> _Collected data_

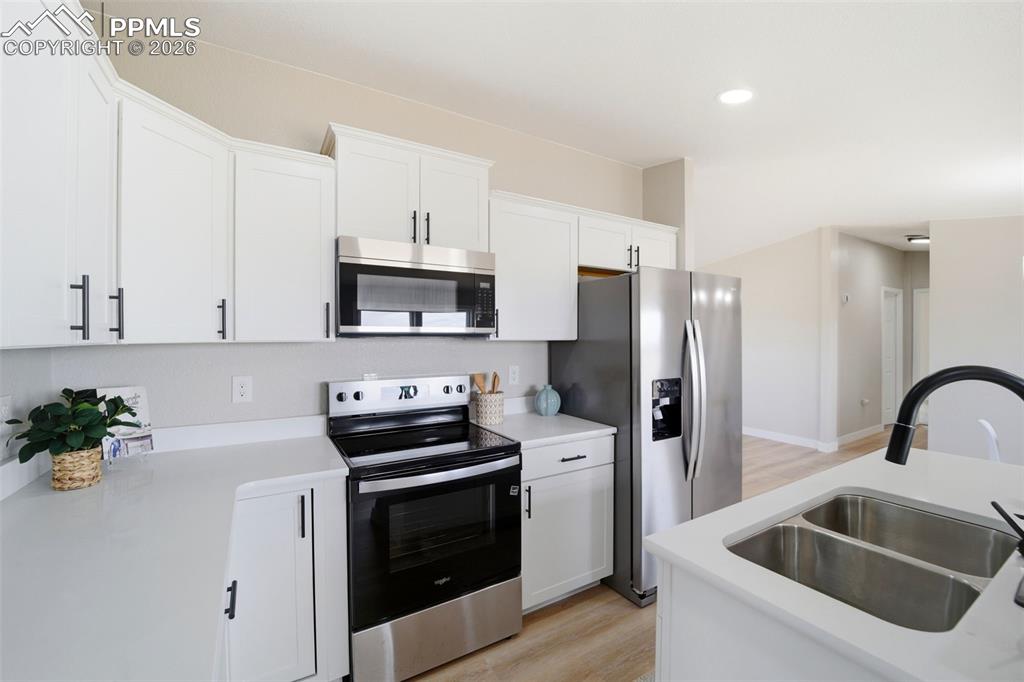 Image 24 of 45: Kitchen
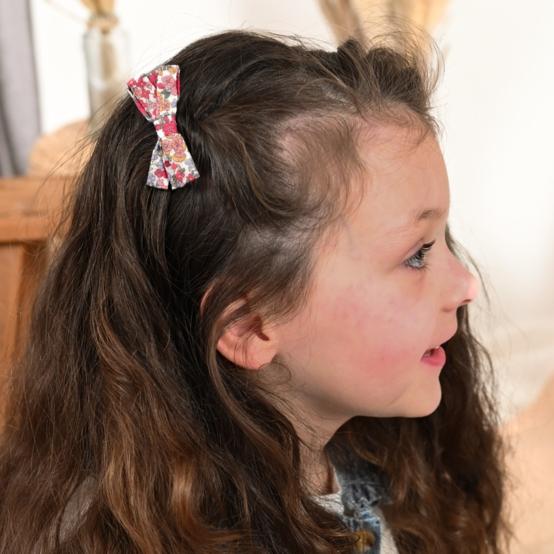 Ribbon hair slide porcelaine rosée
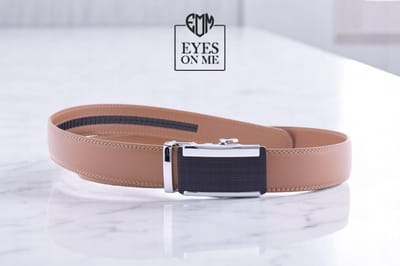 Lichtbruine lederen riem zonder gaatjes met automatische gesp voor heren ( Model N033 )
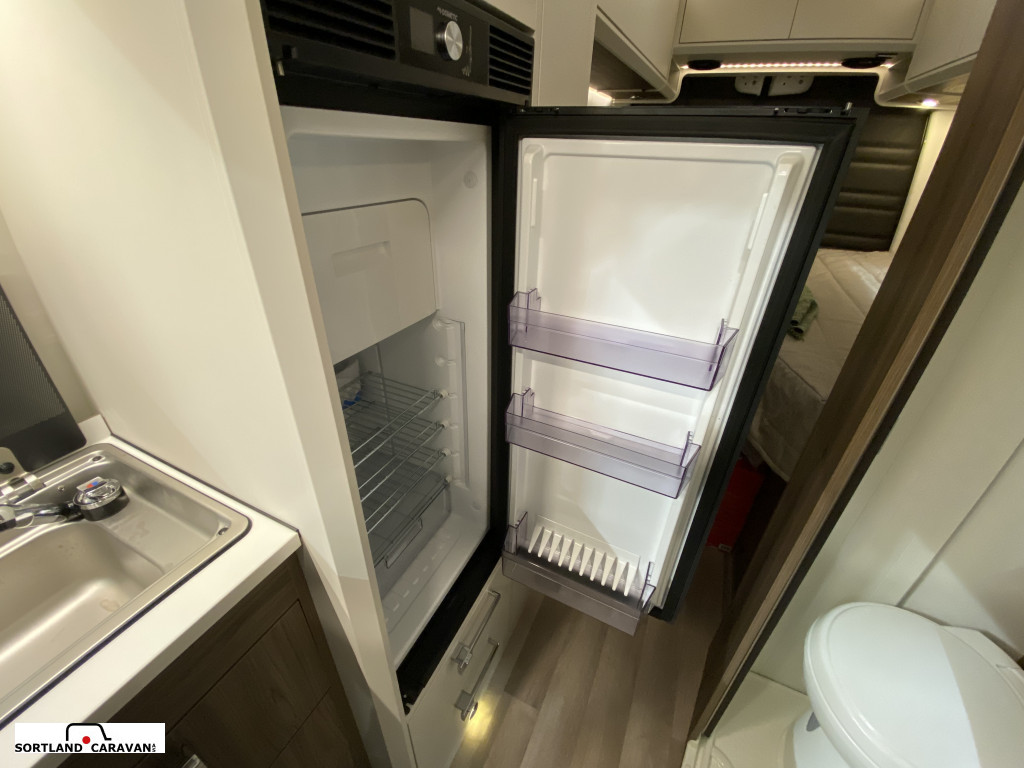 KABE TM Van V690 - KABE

> _Exercise requirements_
Please output each line above exactly and omit all images.

> _Completed exercise_
 Image 24 of 45: Kitchen
 Ribbon hair slide porcelaine rosée
 Lichtbruine lederen riem zonder gaatjes met automatische gesp voor heren ( Model N033 )
 KABE TM Van V690 - KABE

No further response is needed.